(Sen) - For centuries the dancing display of aurorae has both beguiled and mystified, but now scientists are one step closer to understanding the processes that drive these magical phenomena.
The aurora are created when solar winds, laden with charged particles interact with the Earth’s magnetic field and become channelled into the atmosphere. See Mark Thompson's guide to aurora.
What has been a mystery is the cause of the large scale acceleration of electrons that occurs in the Earth's magnetotail.
Now a team of researchers from the Massachusetts Institute of Technology (MIT) have published a paper explaining how the acceleration works. The research team, led by Jan Egedal, a professor of physics at MIT, used a powerful computer simulation to produce data to support Egedal's theory of the large scale acceleration.
The research explains how charged particles are being accelerated in Earth's magnetic tail, or magnetotail.

Artist's impression of the magnetosphere. Credit: NASA
The magnetotail is a region of the magnetosphere that has been stretched out into space by the solar wind. As it is stretched, the magnetic field stores energy (like a rubber band) and, when normal field lines reconnect, the energy is released – like snapping an elastic band.
This colossal release of energy accelerates the charged particles back towards Earth at great speed, where they smash into gas molecules in the upper atmosphere – creating the aurora.
Over 11 days, the motions of 180 billion simulated particles were mapped out by the MIT team using a supercomputer called Kraken. The complex simulations were created using data from spacecraft like the European Space Agency’s Cluster probes.
This "slingshot" theory had been considered impossible by some physicists because the magnetotail was thought to be too small. Plasma - electrically charged gas - should be a good conductor and prevent an electric field from being sustained in the magnetic field lines. But, according to the new study, such a field is just what’s needed to accelerate the electrons.
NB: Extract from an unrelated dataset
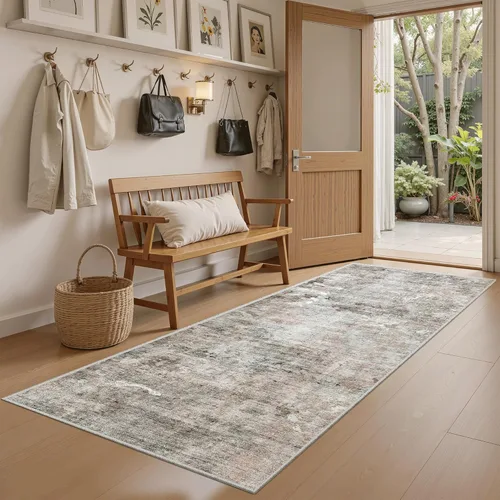 Miniatura 286 de Alfombra de pasillo Soalmost 2'6" x 10' lavable, alfombra antideslizante para cocina, baño, lavandería, alfombras vintage ultra delgadas para Beige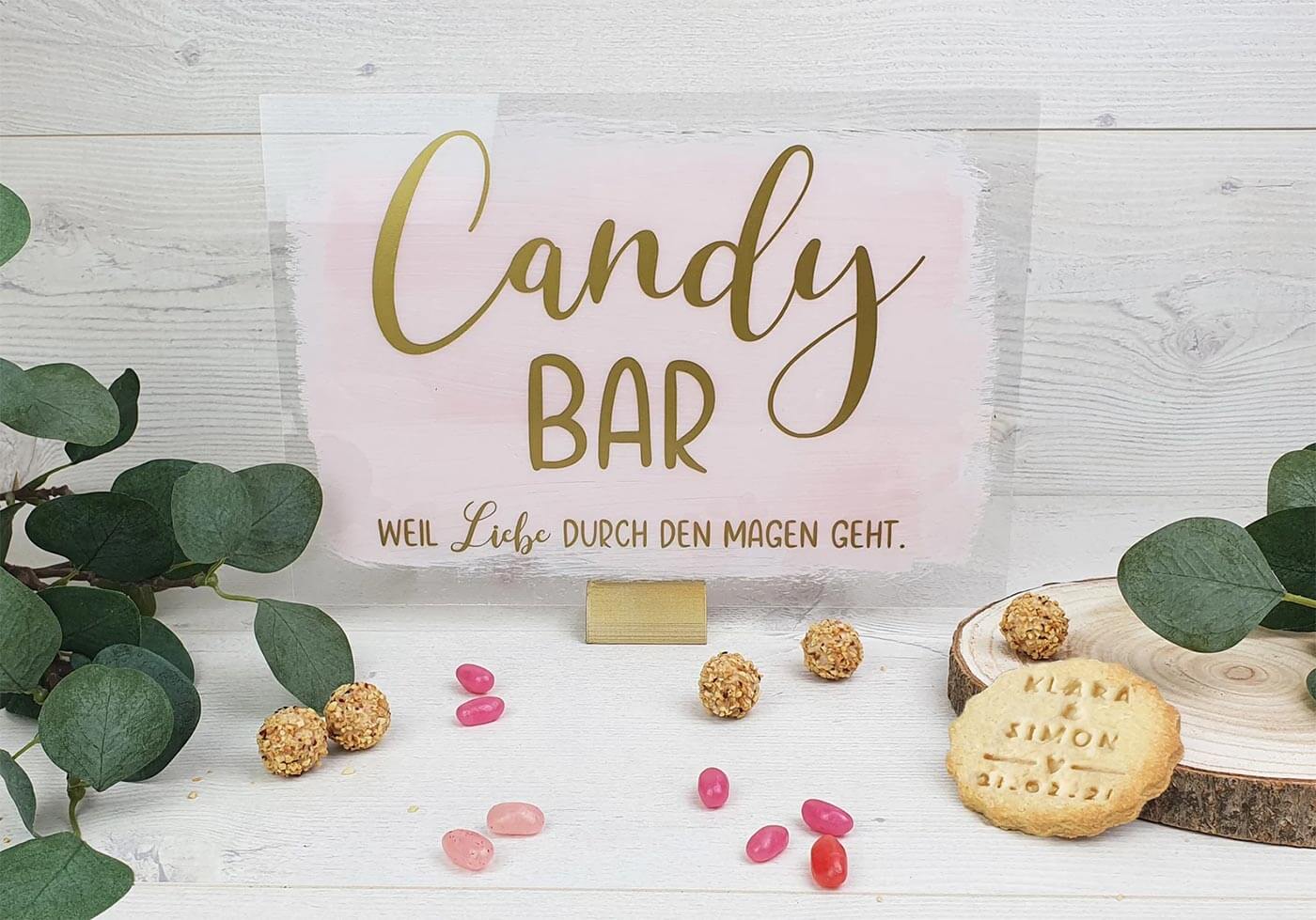 Candy Bar Schild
According to the new simulation, the volume of space where such fields can build up can, in fact, be at least 1,000 times larger than the theorists had thought possible — and thus large enough to explain the observed electrons.
Aside from causing the aurora, these super energetic particles can damage spacecraft and affect communications on Earth, so understanding how they become accelerated is very important.
"These hot electrons can destroy spacecraft,” Professor Egedal says, which is why both the military and NASA “would like to understand this better.”
The work was supported by grants from NASA and the National Science Foundation.